__Work to complete__
Nothing but the pictures should be left out when you copy the records exactly.
----------
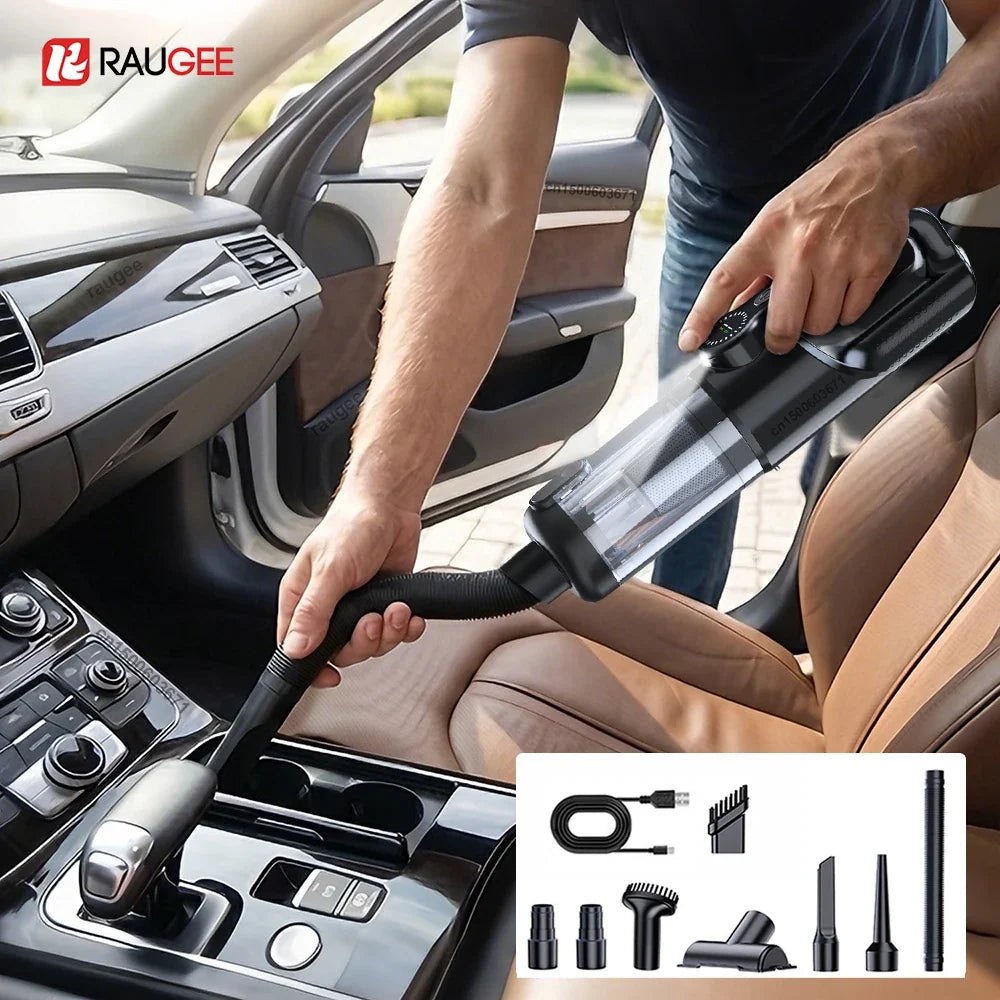 Raugee Cordless Car Vacuum – 17000Pa Handheld Cleaner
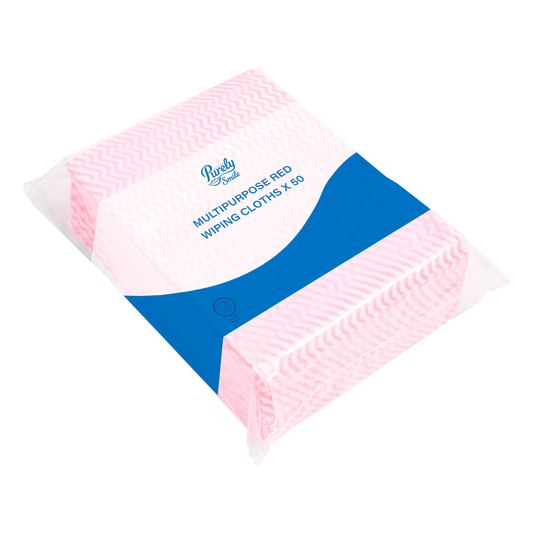 Purely Smile Multipurpose Wiping Cloths Red Pack of 50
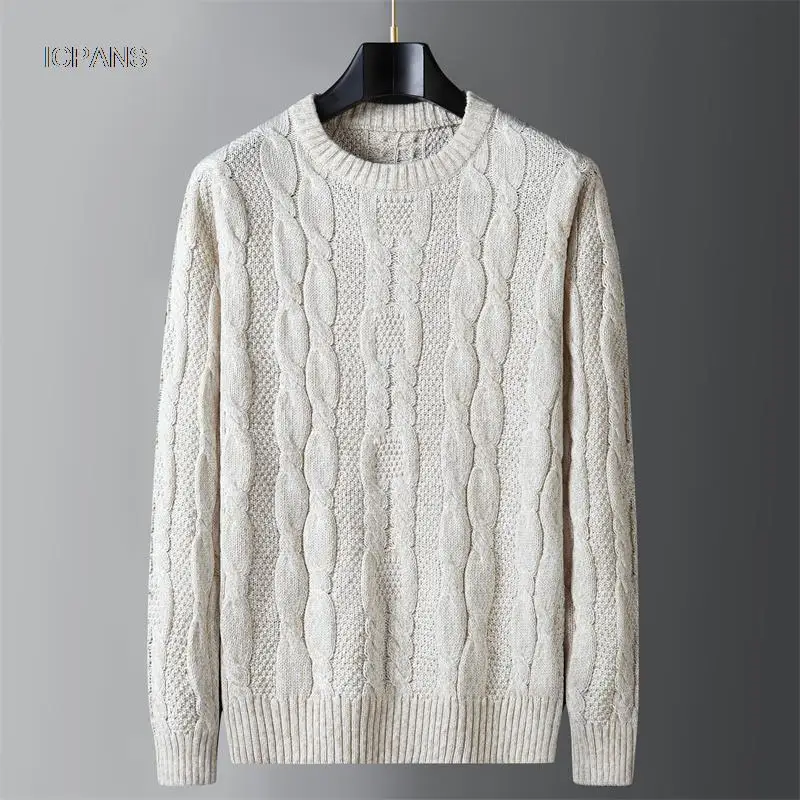 

White Knitted Sweater Men Korea Clothing Casual Jackets Male Pullover Kint wear Outwear Autumn 2022 Red Black Khaki Jumpers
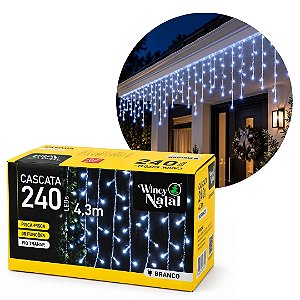 Cascata LED 240 Lâmpadas Branco Frio 4,3 Metros 8 Funções 220V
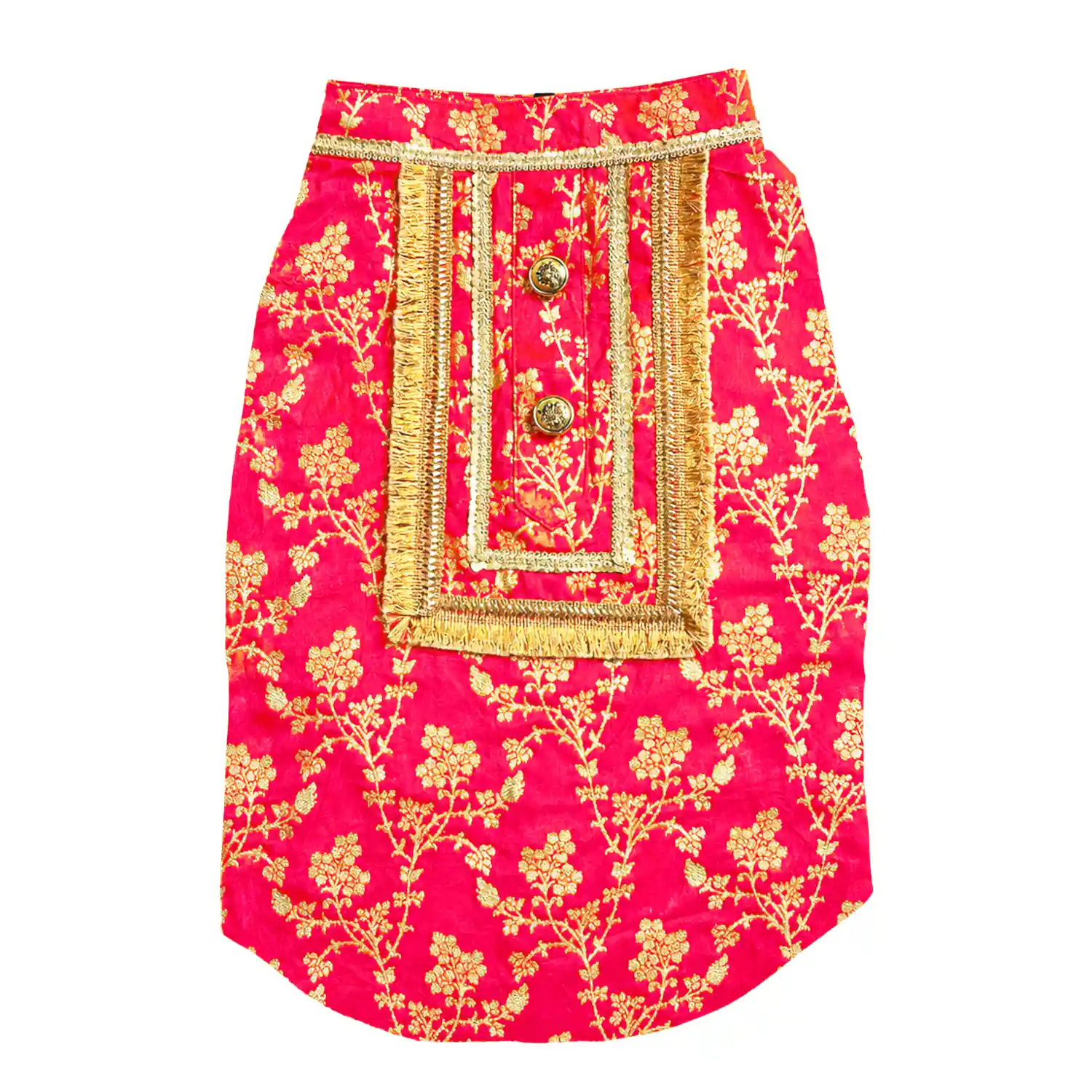 Pawsindia Traditional Royal Zari Kurta for Cats - Pink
----------
__Result__
 Raugee Cordless Car Vacuum – 17000Pa Handheld Cleaner
 Purely Smile Multipurpose Wiping Cloths Red Pack of 50

White Knitted Sweater Men Korea Clothing Casual Jackets Male Pullover Kint wear Outwear Autumn 2022 Red Black Khaki Jumpers
 Cascata LED 240 Lâmpadas Branco Frio 4,3 Metros 8 Funções 220V
 Pawsindia Traditional Royal Zari Kurta for Cats - Pink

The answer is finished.